The introduction of Ray Price slowed down the scoring a touch, before it was more a case of the batsmen pacing themselves. Elton Chigumbura troubled Nicol briefly with a couple of spirited legcutters but, almost on cue, the bowling Powerplay was taken in the 16th over and released the pressure. Jarvis was reintroduced, and Guptill resumed his belligerence over the off side, while Nicol kept turning the strike over.
Zimbabwe were going through the motions by the time Guptill deposited Prosper Utseya over midwicket in the 26th over. Guptill's expression when he holed out for 74 suggested the agony of a batsman who had let go a hundred that was there for the taking. But Nicol persevered to become the seventh batsman to hit a century on ODI debut, a list that includes Guptill's name. An early batting batting Powerplay and the presence of the in-form Brendon McCullum at the crease meant New Zealand were home with plenty to spare.
Despite their toothless bowling, Zimbabwe lost the game in the first quarter of their innings. Broad shouldered and tattooed, with muscular arms, Bracewell strode in with a streamlined open-chested action and hit perfect lengths from the outset. He dislodged Vusi Sibanda and Chamu Chibhabha with exemplary away seamers, but the wicket that stood out was Hamilton Masakadza's.

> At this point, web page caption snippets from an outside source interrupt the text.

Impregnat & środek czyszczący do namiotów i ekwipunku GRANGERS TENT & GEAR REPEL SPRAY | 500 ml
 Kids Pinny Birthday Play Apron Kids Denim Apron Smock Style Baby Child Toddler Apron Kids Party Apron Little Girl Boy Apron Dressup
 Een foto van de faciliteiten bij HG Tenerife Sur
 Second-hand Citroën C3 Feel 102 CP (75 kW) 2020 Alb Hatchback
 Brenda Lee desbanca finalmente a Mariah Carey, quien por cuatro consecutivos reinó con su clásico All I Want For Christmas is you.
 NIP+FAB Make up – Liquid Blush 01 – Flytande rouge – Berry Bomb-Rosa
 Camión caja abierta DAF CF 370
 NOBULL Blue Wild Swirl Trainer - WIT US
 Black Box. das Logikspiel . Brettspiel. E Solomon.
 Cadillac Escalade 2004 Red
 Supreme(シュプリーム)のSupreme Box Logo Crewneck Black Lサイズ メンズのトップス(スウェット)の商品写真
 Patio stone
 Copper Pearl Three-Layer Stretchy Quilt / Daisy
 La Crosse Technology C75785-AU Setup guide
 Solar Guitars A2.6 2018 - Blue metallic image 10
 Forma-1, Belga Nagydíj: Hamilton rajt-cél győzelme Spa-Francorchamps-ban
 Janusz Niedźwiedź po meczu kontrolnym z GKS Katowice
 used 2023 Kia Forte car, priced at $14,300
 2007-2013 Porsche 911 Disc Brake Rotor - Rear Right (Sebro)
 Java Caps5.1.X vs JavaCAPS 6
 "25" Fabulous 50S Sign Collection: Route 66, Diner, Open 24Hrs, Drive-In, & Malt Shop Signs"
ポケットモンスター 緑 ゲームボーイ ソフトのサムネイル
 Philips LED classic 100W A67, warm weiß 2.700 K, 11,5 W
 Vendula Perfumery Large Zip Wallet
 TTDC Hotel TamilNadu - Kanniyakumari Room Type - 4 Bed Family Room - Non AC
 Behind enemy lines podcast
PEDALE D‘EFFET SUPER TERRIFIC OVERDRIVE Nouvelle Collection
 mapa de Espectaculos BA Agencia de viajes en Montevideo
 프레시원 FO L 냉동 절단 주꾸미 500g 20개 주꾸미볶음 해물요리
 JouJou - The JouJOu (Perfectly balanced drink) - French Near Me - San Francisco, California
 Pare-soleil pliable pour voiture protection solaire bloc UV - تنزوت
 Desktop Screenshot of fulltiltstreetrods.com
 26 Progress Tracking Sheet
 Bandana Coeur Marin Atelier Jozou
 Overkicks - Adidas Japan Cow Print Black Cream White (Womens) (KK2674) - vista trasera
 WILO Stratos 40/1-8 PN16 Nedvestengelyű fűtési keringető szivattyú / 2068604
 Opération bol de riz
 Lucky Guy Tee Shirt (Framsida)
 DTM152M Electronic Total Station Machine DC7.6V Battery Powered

Bracewell worked him over with a string of ten dot balls consisting largely of length deliveries that landed on the seam, interspersed with a pacy yorker and a well-directed short ball. The eleventh was full, Masakadza's eyes lit up as he lurched forward to drive, and the ball grazed the inside edge to uproot middle stump. Tatenda Taibu was then consumed by Kane Williamson's acrobatics at cover, as Zimbabwe stumbled out of control.
Though crease-occupation was their prime objective, Mutizwa and Taylor managed to pump adrenaline into the innings from the outset. They were cautious initially, and release came in rare spurts, predominantly against Andy McKay. Taylor cracked him square and carved him through the covers, while Mutizwa slammed him over midwicket.
Defence, misses and singles remained standard fare until the introduction of spin eased the pressure. Taylor and Mutizwa handled the offspin duo of Nicol and Nathan McCullum with relative ease to chug past their 50-run stand. The pressure began to show on New Zealand, with Nathan McCullum spilling a return chance and McKay parrying Taylor over the long-off boundary for the first six.
Taylor celebrated the miss by clattering McCullum for six more as Zimbabwe ushered in the batting Powerplay on the ascendancy. Taylor and Mutizwa pulled off a series of audacious laps over fine-leg to take 32 off the five-over block, which meant momentum was coursing through the Zimbabwe innings when the slog overs commenced. Though Mutizwa fell in the 42nd, Taylor was primed for assault.
He remained subdued until he reached his 100 in the 47th over, but exploded in Bracewell's final over. Bracewell served Taylor a full toss, a slow length ball and a short delivery, all of which were gleefully deposited into the leg-side stands. One debutant had endured a ragged finish to his day, but another was about to more than make up for it.